Washington police generally have supported the use of body cameras, with many officers saying they improve citizen behavior, provide objective accounts of law enforcement interactions and make report-writing easier. About 10 Washington police departments are using the cameras, including Spokane, Liberty Lake and Airway Heights.

But many departments say they need legislative action to prevent broad public records requests for footage, which are costly to fill and, some argue, violate the privacy of people officers interact with.

A bill supported by the Washington Association of Sheriffs and Police Chiefs would significantly limit disclosure of any audio or video recordings made by law enforcement by requiring a specific date, time and location, or an incident number and the name of someone involved, to file a request.

Recordings could be released to people who appear in the video and their attorneys, but other requestors would have to get a court order saying the public-interest value of the video outweighs the privacy concerns for its release.

“Our goal is to remove barriers that have been identified by our agencies as to why they’re not using body-worn cameras,” association policy director James McMahan said at a hearing on the bill.

The bill’s sponsor, Rep. Drew Hansen, D-Bainbridge Island, said disclosure limits were needed to protect the privacy of individuals in crisis.

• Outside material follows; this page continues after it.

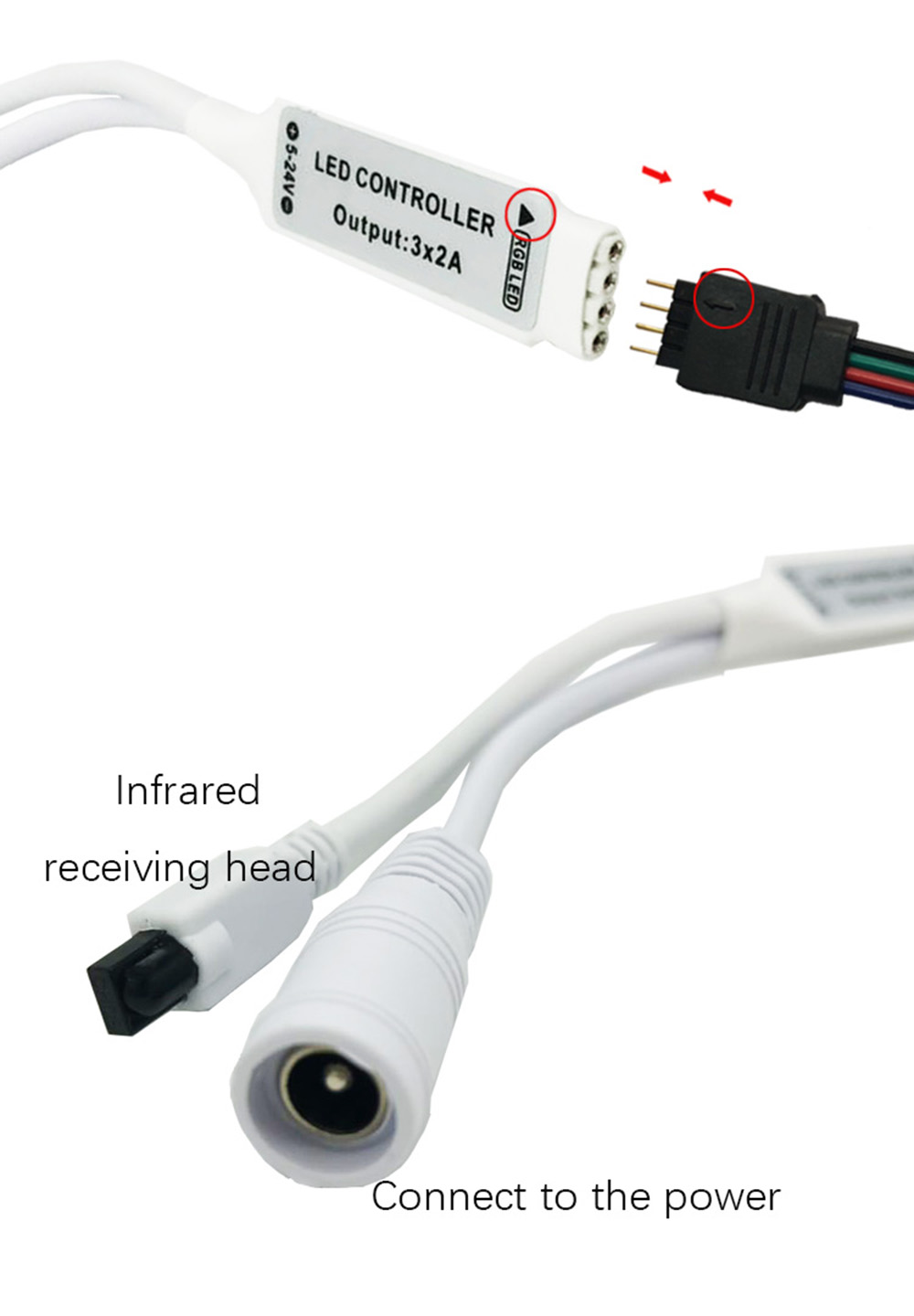 Led Controller 24 Toetsen Led Ir Rgb Controler Led Verlichting Controller Remote DC12V 6A Voor Rgb 2835 3528 5050 Led strip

At the bill’s hearing, he gave the example of someone who calls 911 for help dealing with a severely mentally ill brother.

“Let’s say he’s having a real bad night and he’s acting scary and he’s acting violent and you call law enforcement to your house and they come wearing a body camera,” he said. “Under current Washington state law, your neighbor, who just is kind of curious why there’s a squad car in front of your house, can make a public records request and put the most private, personal and difficult moments of your family’s life up on YouTube.”

The ACLU supports a competing bill that specifies recordings may only be used to investigate and prosecute police misconduct and cannot be used as evidence in court.

“There are significant surveillance and privacy risks for body cams,” Shankar Narayan, the legislative director for ACLU Washington, said at a hearing on the bill.

He said limits on footage use are designed to ensure that citizens who incidentally appear in the background of videos aren’t arrested for minor offenses, like jaywalking or littering.

The bill backed by the ACLU also prohibits disclosure of any recordings unless they are flagged as having evidentiary value in a misconduct investigation, or are requested by a person appearing in the video. ACLU staff said this would address both privacy and records concerns, since the vast majority of video would not be disclosable.

Some open-government advocates disagreed with both bills. Rowland Thompson, the executive director of Allied Daily Newspapers of Washington, said the ACLU-supported bill was “ridiculous” and “completely unworkable” because of the limits placed on footage.

He also raised concerns with the court-order requirement in the bill backed by the law enforcement organization for releasing recordings to third parties.

“We aren’t going to be able to do much community oversight if we have to do that sort of thing,” he said. Journalists writing about the recent killing of a man by Pasco police wouldn’t be able to request videos of prior encounters the involved officers had with citizens, he said, because their requests would be considered too broad.

Straub said he supports the bill backed by the police leadership group, though he acknowledged there’s room for compromise with journalists and open-government advocates on the records requirements.

He dismissed ACLU concerns about footage being used to make minor arrests, and said there’s no circumstance under which officers would review videos after the fact looking for additional people to arrest.

“We have plenty of arrests to make, believe me,” he said.

Both bills must be voted out of committee by the end of the week to make it to the full House.

Another possibility is an amendment calling for a study of cameras in communities where they’re being used. Results of that study could be used to develop a bill in 2016.